Parka gidince içiniz açılıyor. Şenlik havasına anında giriyorsunuz. Buradaki gençleri dinledikçe aslında istediklerinin hiçbir siyasi boyutunun olmadığını anlıyorsunuz.
Gazetelerin hafta sonu ekleri Gezi Parkı’nda çadırlarda yatan gençleri dinledi. Milliyet Pazar’ın gelenekselleşen ‘Sofrada Baş Başa’sı bile Gezi Parkı’nda yapıldı. Sosyolog Prof. Nilüfer Narlı 19-22 yaşlarındaki üç gençle Gezi Parkı’nda piknik yaptı.
Taksim Platformu yeterli mi?
Gezi Parkı’nda ne istenildiği, ne için mücadele verildiğini herkes gayet net anladı. Anlamayan
kalmadı. Keşke asıl dinlemesi ve anlaması gerekenler de Taksim Platformu’nun temsilcilerini dinleyeceklerine, her şeyin kıvılcımını yakan parka gelip bu panayır ortamını görüp buradaki gençlerle konuşsalar.
Taksim Platformu ne kadar iyi niyetli olsa da Gezi Parkı direnişini tam olarak temsil etmiyor. Çünkü Gezi Parkı direnişinde odalar, sendikalar değil önemli olan. Sendikaların ya da odaların başkanları Gezi Parkı’ndaki kitleyi doğru yansıtmıyor. Gezi Parkı direnişinde asıl önemli olan, bireyler ve düşünce özgürlükleri. Unutmamak lazım, bu direnişi başlatanlar parkta çadırlarda yatan gençler. Ayrıca Bülent Arınç’la görüşmeye giden Taksim Platformu temsilcileri arasında bir tek kadın olmaması ya da parka en çok sahip çıkanlardan ve bu hareketi başlatan jenerasyondan hiçbir temsilcinin olmaması da anlaşılır değil.

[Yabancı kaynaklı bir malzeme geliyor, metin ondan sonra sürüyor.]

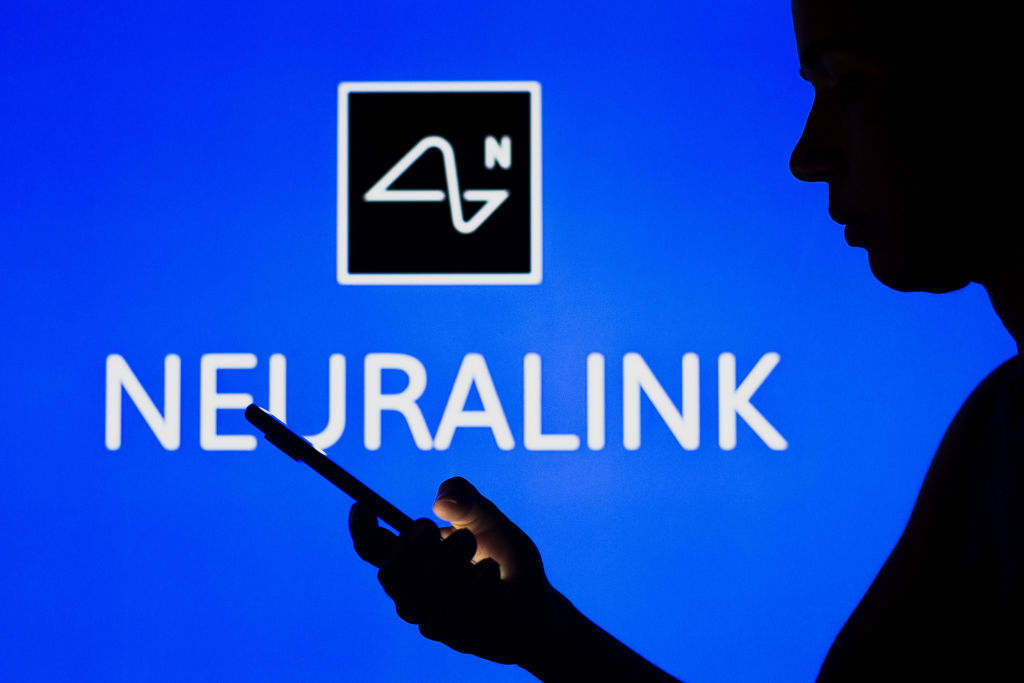 Neuralink, via libera della FDA ai test sull’uomo 1 gettyimages 1240407858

Her şeye rağmen Gezi Parkı bu hafta sonu şimdiye kadar en kalabalık günlerini yaşadı. Yiyecek içecek bol miktarda vardı. Biber gazı kokusu, cız bız köfte ve karpuz kokusuna yerini bırakmıştı. Gezi Parkı’na her gün gidemese de ya da hiç gidemese de evde yemekler yapıp parka gönderenler bile vardı. Kütüphane dolup taşmıştı, Ayşe Kulin kitaplarını imzalıyordu. Sokak hayvanları da unutulmamıştı, onların da mamaları düşünülmüştü. Parkta tek sıkıntı seyyar tuvalet ihtiyacıydı. Ama bu sıkıntı bile kimseyi durdurmaya yetmedi.
Vandalizme karşıyız
Gezi Parkı’ndan çıkıp da yazılarla, afişlerle rengarenk olmuş AKM’ye doğru ilerlediğinizdeyse bambaşka bir manzara var karşınızda. Şenlikten iki adım ötede bir savaş alanı var Taksim ve Gümüşsuyu’nda. Süperkahraman filmlerinde gördüğünüzden farklı değil. Sanki Hulk çıkmış da arabaları, otobüsleri parçalamış. Mağazaların vitrinlerine ve binaların duvarlarına sloganlar yazılmış.
Amaç, meydanlara dökülüp karşılıklı mitingler yapmak değil. Hep birlikte görüyoruz, böyle konuşmaların sonu kötü oluyor. Her şey daha ilk gece çadırlarda uyuyanlara gaz sıkılmasıyla başladı. O zaman aşırı şiddet uygulanmasa, bütün bu verilen zarar olmayacaktı. Gerçi birkaç
otobüse, arabaya verilen zarar ne ki, binlerce cana verilen zarardan sonra?